Preventive Health Care Falls by Wayside During Pandemic

HealthDay News
by Cara Murez
Updated: Nov 6th 2020

new article illustration


FRIDAY, Nov. 6, 2020 (HealthDay News) – Americans saw their doctors for preventive and elective care far less often than usual in the first two months of the pandemic shutdown, according to a new study.

That meant far fewer colonoscopies, mammograms, blood sugar tests, vaccines for infants and toddlers, MRIs and more across the United States, according to RAND, the Santa Monica, Calif.-based nonprofit.

Though telehealth visits bridged some of the gap, they only replaced about 40% of in-person visits, the researchers said.

"This adds detailed evidence to the anecdotal reports that Americans quit going to see the doctor when the pandemic shutdown started," said lead author Christopher Whaley, a policy researcher at RAND.

"If important visits are only delayed for a few months, there will likely be no harm. But if patients do not get important screenings, there could be long-term negative health consequences," he said.

The findings were published online Nov. 5 in JAMA Network Open. The report is based on medical records from more than 5 million individuals with private health insurance. The researchers analyzed claims data from 2018 to 2020 from about 200 employers in all 50 states.

The investigators found that, in 2020, overall health care visits declined by 23% in March and 52% in April.

During that time, colonoscopies dropped by 70% compared to March and April of 2019. Mammograms were down 67% among women aged 46 to 64.

Blood sugar tests dropped more than 50%, while vaccination of children under age 2 was down 22%. Angioplasty procedures to restore blood flow through arteries were down almost 17%. Musculoskeletal surgery, cataract surgery and MRIs all dropped by 45% or more. The researchers also saw a small drop in chemotherapy treatments.
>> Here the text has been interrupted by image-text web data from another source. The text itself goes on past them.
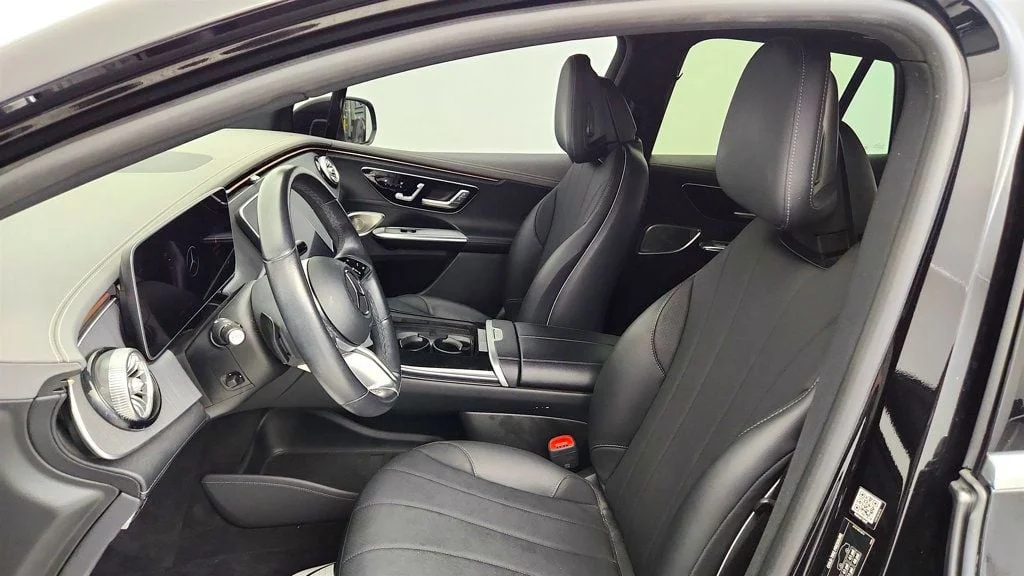 Used 2024 Obsidian Black Metallic Mercedes-Benz EQE 350+ SUV w/ Nappa Leather & Ventilated Seats image 18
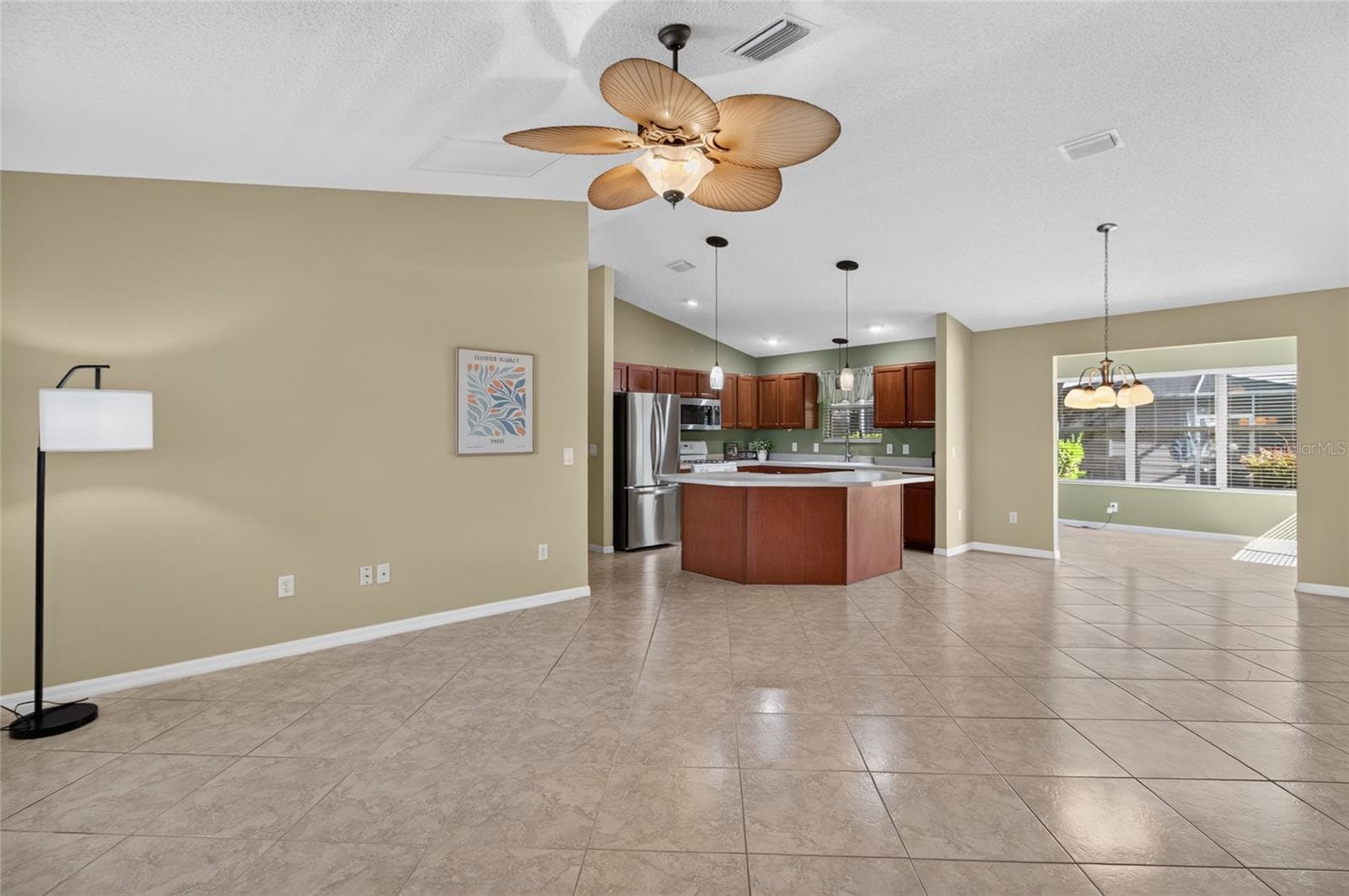 Single Family Residence at 439 ENRIGHT PL, THE VILLAGES, photo 4 of 33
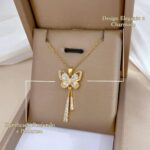 Colar Feminino Metamorfosis Borboleta com Zircônias: elegante, antialérgico e versátil para valorizar sua transformação. - Imagem 6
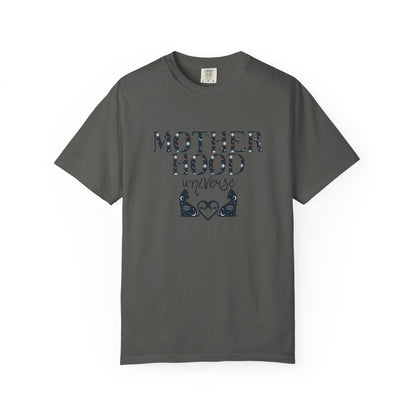 Motherhood Universe Cat Heart T-shirt: Celestial Mom Shirt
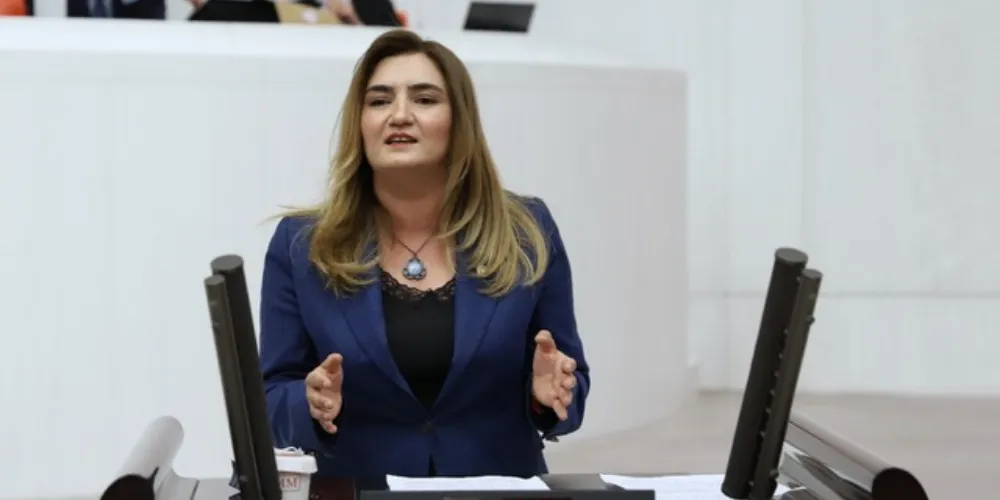 İzmir Büyükşehir Belediyesi ile Vakıflar Genel Müdürlüğü arasındaki taşınmaz krizi,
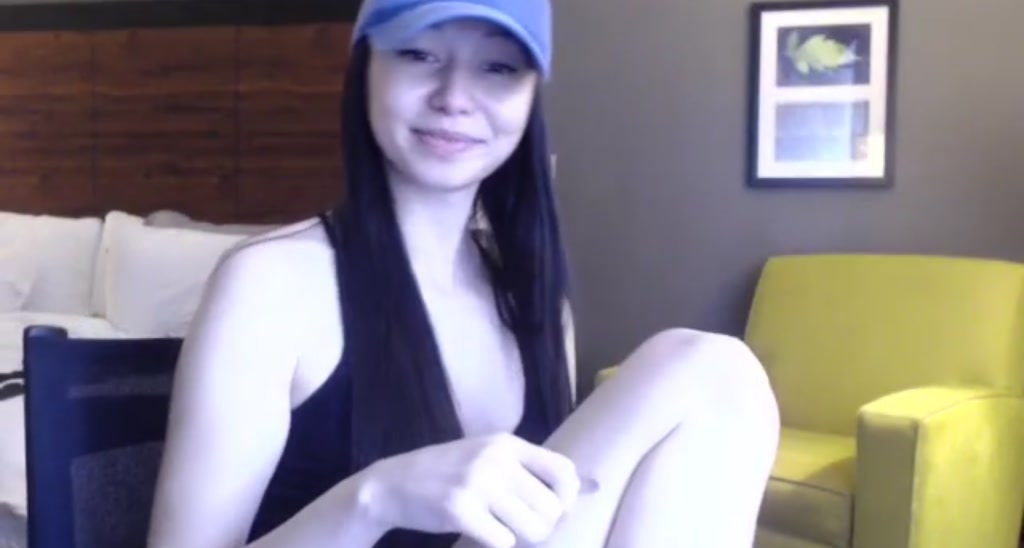 MiNNiE_B00M video thumbnail
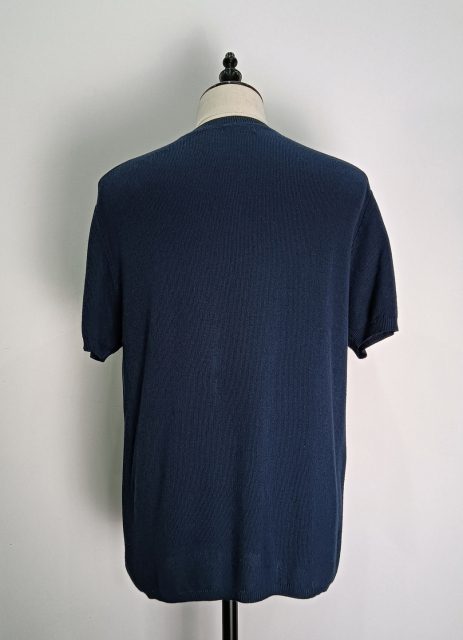 Dark blue short sleeve knit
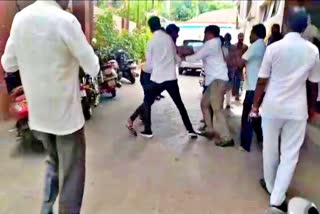 Congress Workers Clash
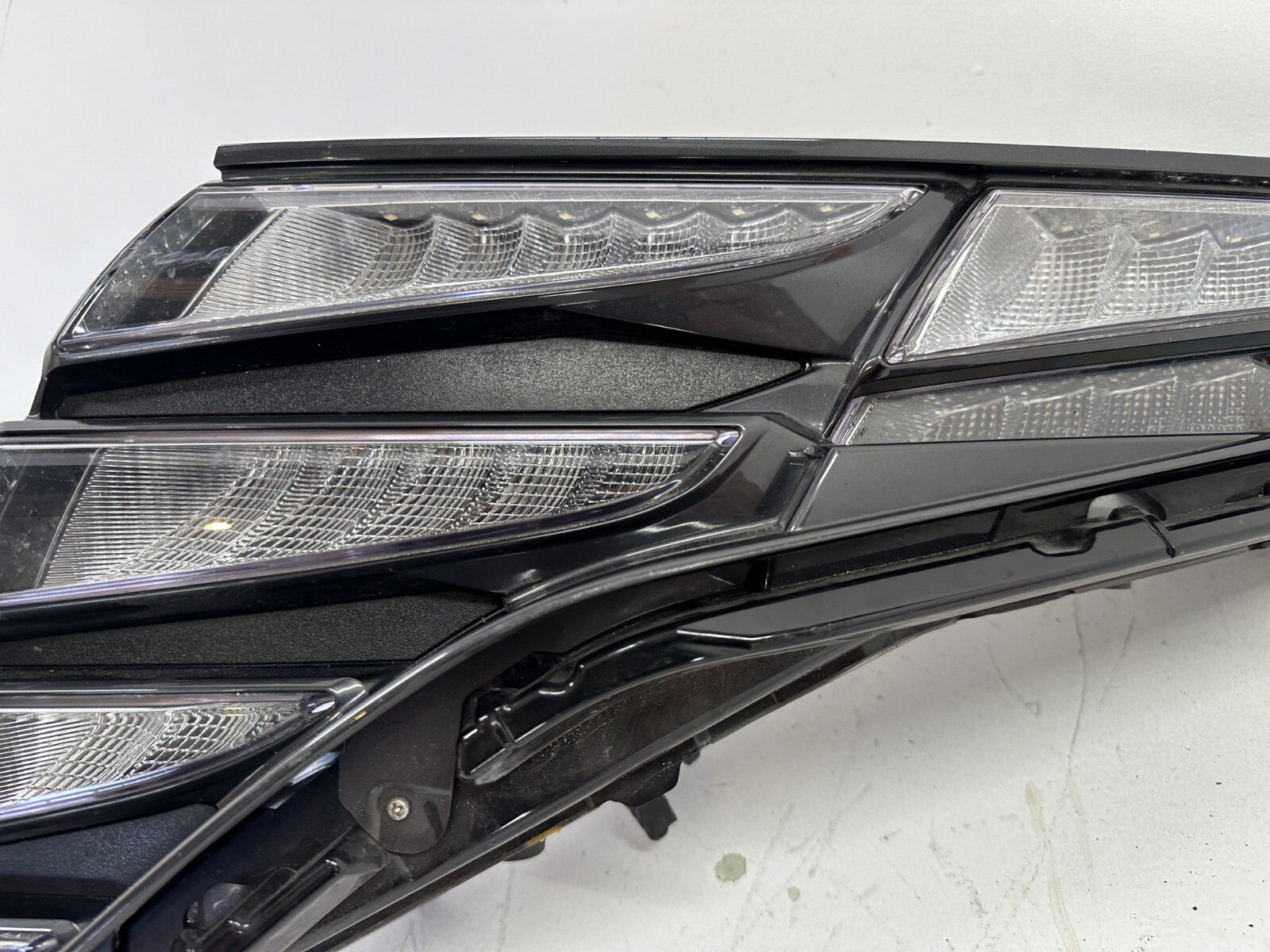 Headlight Damaged Left Driver LH 2022 2023 Hyundai Tucson 92207-CW010 OEM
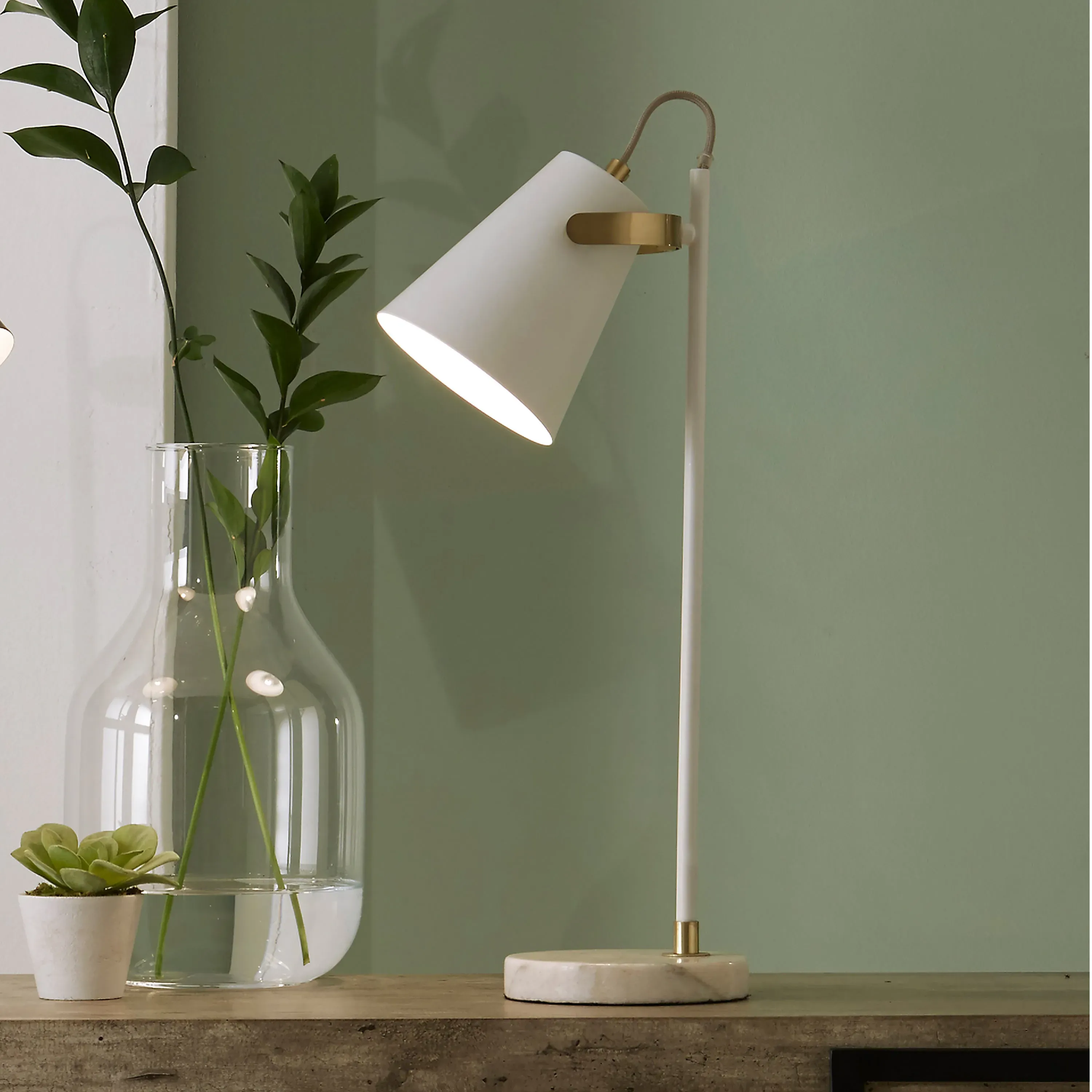 theia-task-table-lamp-white image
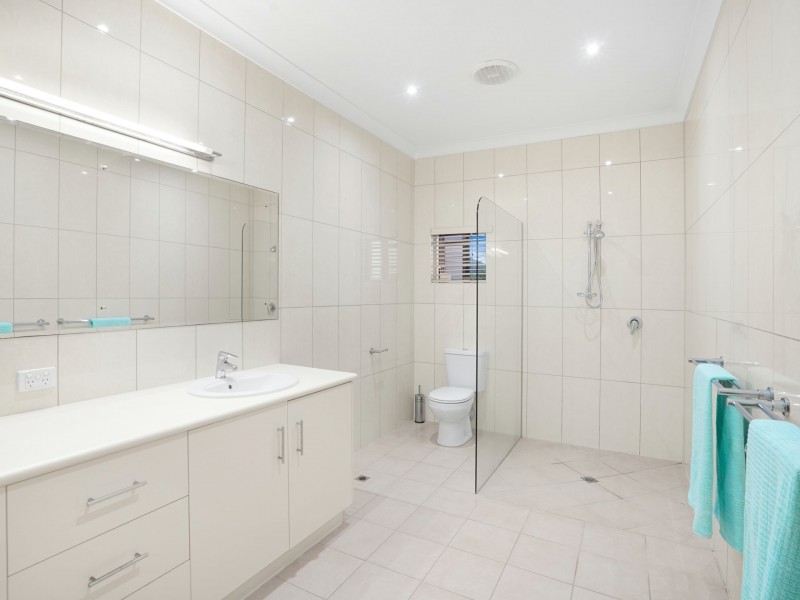 2 Bayview Street, Bayview Heights QLD 4868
During the same period, use of prescription drugs for asthma rose 11%, while use of prescription cholesterol and diabetes drugs had small decreases, according to the report.

Meanwhile, telemedicine visits skyrocketed, rising more than 4,000% in April 2020 compared to April 2019. But the increase in online appointments replaced only about 40% of the decline in office visits, the team noted in a RAND news release.

Patients in lower-income or predominantly non-white ZIP codes had an increase in telehealth visits that was about one-third lower than for those in wealthier neighborhoods. The researchers cited this as an example of increasing health care disparities during the pandemic.

"The extent to which access barriers to telemedicine contribute to lower rates of in-person care deferral, and thus increases in potential exposure to COVID-19, should be examined in future work," Whaley said.